Sumac Steak, Or Why I Don't Eat Out Much

This plate makes me happy. Meat, starch and vegetables in equal proportions. Nothing that looks like a side of brontosaurus. No puddles of gravy/grease/glop. You can eat it all and still have dessert. Why can't you order this? Why do American, sit-down restaurants insist that a meal consists of a pound of meat, french fries and two ounces of vegetables? I know they must be serving what people want, but it grosses me out.

Did I mention that most of my date nights involve Chipotle and Netflix?

Sumac is not gross at all - it's fabulous! Are you thinking of poison sumac? Same genus, different species. Sumac is a red berry which is dried and ground into a powdered spice that shows up in lots of different Middle Eastern foods. The flavor is similar to lemon, but milder and more savory. You can find it in any Middle Eastern market, or some larger grocery stores. It works when you need an acidic solid, as in this spice rub.

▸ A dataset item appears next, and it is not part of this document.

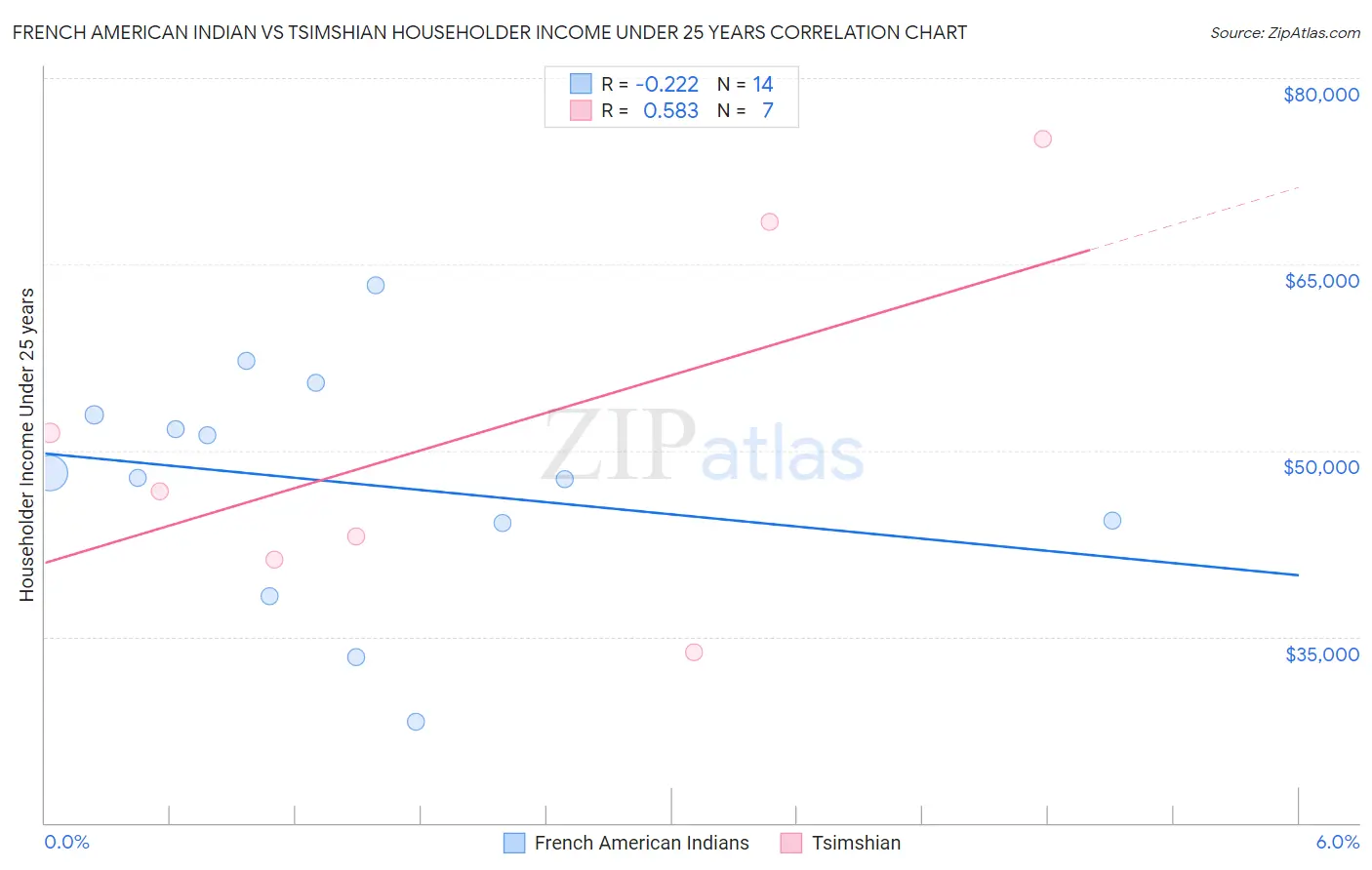 French American Indian vs Tsimshian Householder Income Under 25 years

(Stay Home For) Sumac Steak
1 1/2-2 lb sirloin or flank steak
2 1/2 teaspoons kosher salt, divided 
1 tablespoon ground cumin
1 tablespoon ground sumac

In a small bowl, mix together 2 teaspoons of salt, cumin and sumac. Set your oven to 400 and put a heavy skillet on a high burner. While you are waiting for them to heat up, blot the meat dry with paper towels and sprinkle the remaining salt on both sides.

For flank steak, you may want to add half a teaspoon of oil first, but a sirloin has sufficient fat to be added to the pan dry. Sear the meat in the skillet to brown the crust, about five minutes per side. Massage a liberal coating of the spice mix all over the steak. There will probably be some left, but not too much.
Either return the steak to your skillet, or put it on a foil-lined pan and cook it in the oven for about ten minutes more, depending on the thickness and how done you like it. Rest for seven or eight minutes, then slice thinly across the grain.
Steak dinner for four, no Lipitor or second mortgage required.